There’s something in her tone that leaves him unsettled, anxiety twisting in his gut as he tries to push it aside and focus on what’s actually happening, instead of whatever fantasy worst-case scenario his brain is inventing on the fly.
She hesitates, though, sighing long and low through her nose instead of continuing. Then, quietly, she seems to switch tracks, deciding against whatever she was going to say: “I’m not actually that hungry. I’d rather just go home.”
“Okay,” Steven says, almost too quickly. Eager to please, to escape the strange, oppressive atmosphere of sitting alone together in this dimly-lit restaurant. He’d hoped it would be romantic, but it’s just suffocating.
It’s raining by the time they get back to the house Connie’s renting. She hesitates in the doorway after unlocking the door, looking back at Steven, slightly damp, before averting her gaze and leading the way inside.
He hasn’t been here before. She’d been staying in a dorm while she was attending college—her roommate had thought Steven was strange. Strange in the bad way. He’d avoided visiting her at the dorm itself as much as possible.
Now, here, they are completely and utterly alone.
He gravitates towards her, taking her hands and smiling gently when she meets his eyes with a hint of surprise (and perhaps—but no, surely he’s just anxiously imagining it—trepidation).

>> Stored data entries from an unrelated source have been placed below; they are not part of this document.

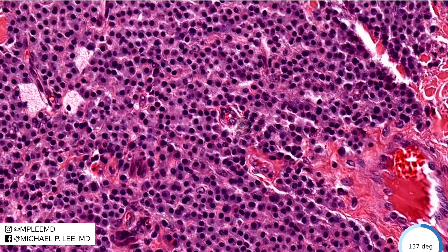By the way, these cells will stain for CD117 or CKIT. It's a solitary lesion with no systemic findings clinically — a pretty straightforward diagnosis. Thank you for watching, and until next time.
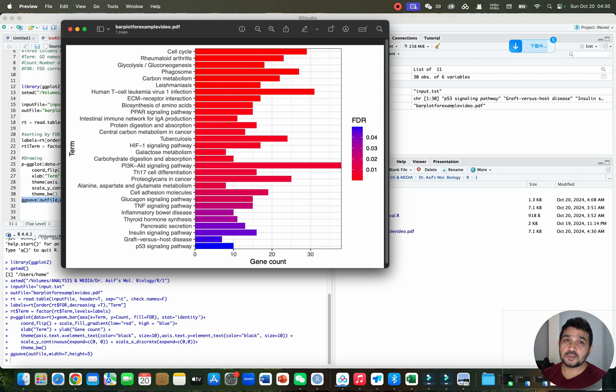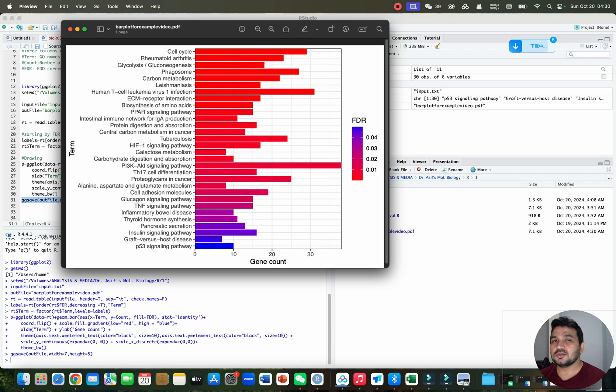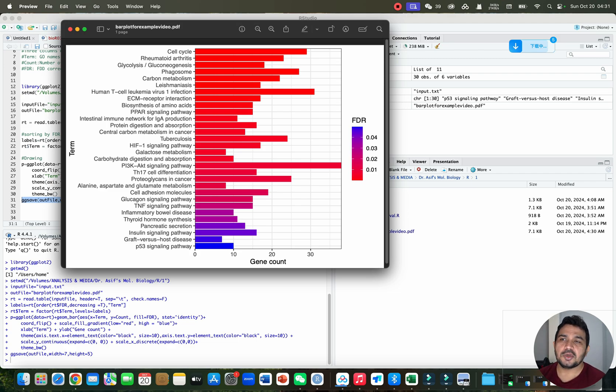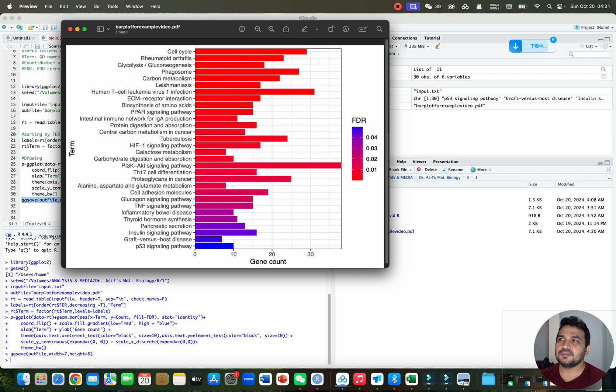As you can see, a high quality gene ontology graph is ready. In this way you can also use your own file to draw your gene ontology plot. If you have any questions, please let me know in the comment section. Thank you for watching, bye bye.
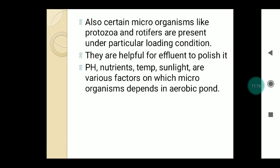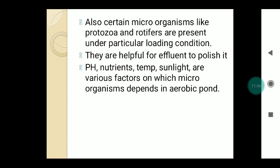pH, nutrients, temperature, sunlight, etc. are important factors on which microorganisms depend under aerobic conditions. The microorganisms require oxygen for the decomposition of organic matter, which is continuously supplied through the bacterial-algae symbiosis process. That is it for today — the next part will continue in the next lecture. Thank you.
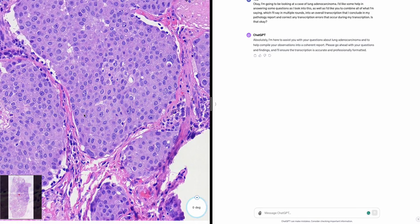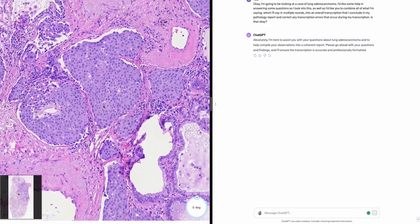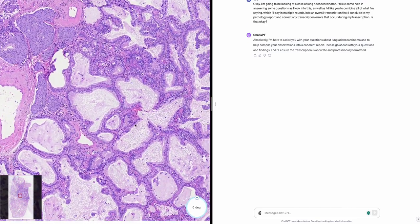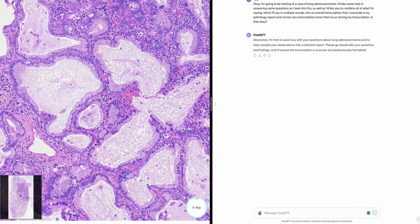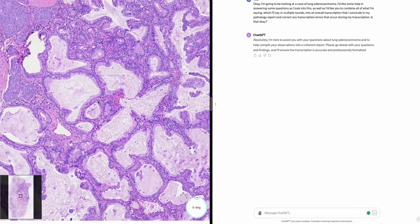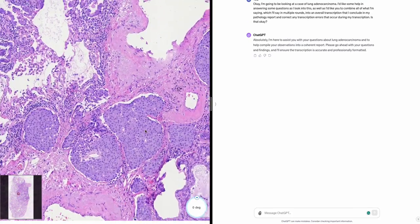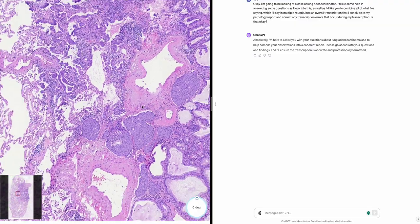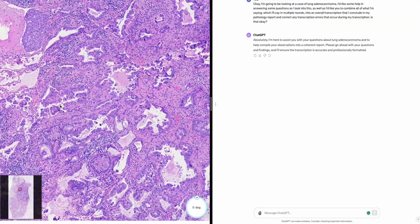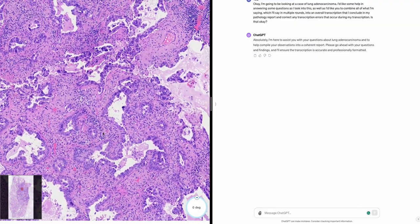Two, the solid pattern, which shows solid nests or sheets of tumor cells with abundant cytoplasm and prominent nucleoli. It may have mucin production but less than in mucinous adenocarcinoma, and the solid pattern is also linked with a worse prognosis.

“Sorry the restaurant was a bust,” Steven apologizes, at the same time Connie starts to say: “Sorry, this is really awkward.”
Steven squeezes her hands, an involuntary little twinge. “What is?”
Connie pulls her hands away. “I’ve been trying to figure out how to ask you something. Not just today, but— for months. Since graduation. Every time I think I’m getting close to asking, I look at you, and the words just… don’t come.”
Steven can feel himself dissociating, just a bit. He mentally counts to four on an inhale, holds it, and lets it out again as slowly and silently as he can. He smiles. “You can talk to me about anything,” he says.
Connie gives him a look he’s not sure how to decipher and crosses her arms before glancing away, almost guiltily.
“Do you know where you’re going next?” she asks.
“Yeah!” Steven answers, opening his arms excitedly, “You graduated! You’re gonna get a job, and like, buy your own house and everything, right?”
Connie’s facial muscles twitch. A wince, or a grimace.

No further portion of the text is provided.